» Exercise requirements:
Keep the pictures out, please, and set down every record exactly.

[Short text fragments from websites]
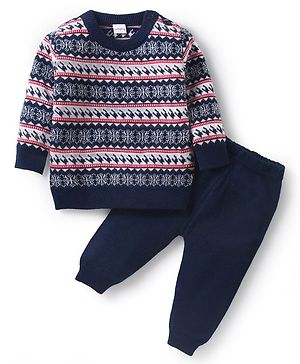 Babyhug Knit Full Sleeves Pullover Sweater & Pant Set Intarsia Design - Navy Blue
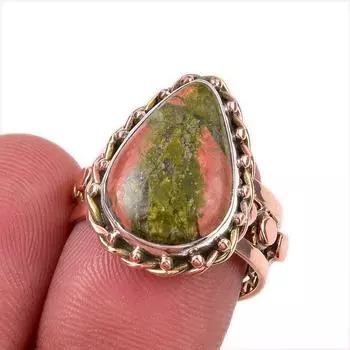 Natural Unakite Gemstone 925 Solid Sterling Silver TwoTone Gift Ring S.6 p0D09
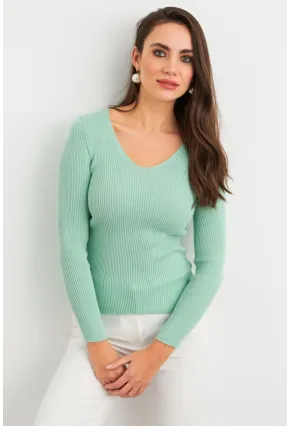 Kadın Mint V Yaka Triko Bluz YV284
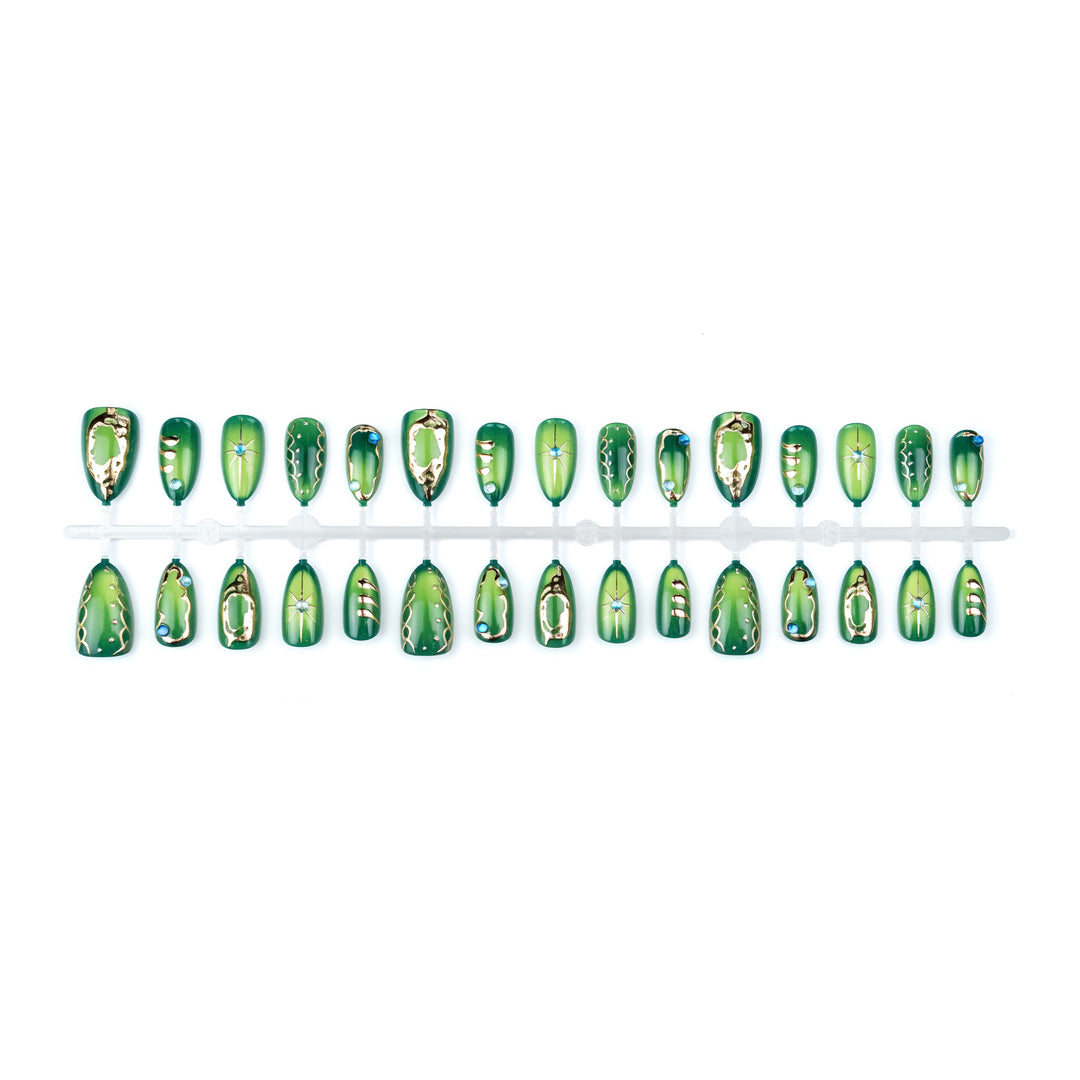 Artistic Press-On Nail Art Set with Geometric Metal Accents Stornfield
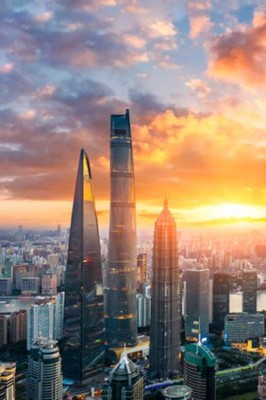 Wandbild: Luftaufnahme der Skyline und des Stadtbildes von Shanghai bei [...]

» Solution to this exercise:
 Babyhug Knit Full Sleeves Pullover Sweater & Pant Set Intarsia Design - Navy Blue
 Natural Unakite Gemstone 925 Solid Sterling Silver TwoTone Gift Ring S.6 p0D09
 Kadın Mint V Yaka Triko Bluz YV284
 Artistic Press-On Nail Art Set with Geometric Metal Accents Stornfield
 Wandbild: Luftaufnahme der Skyline und des Stadtbildes von Shanghai bei [...]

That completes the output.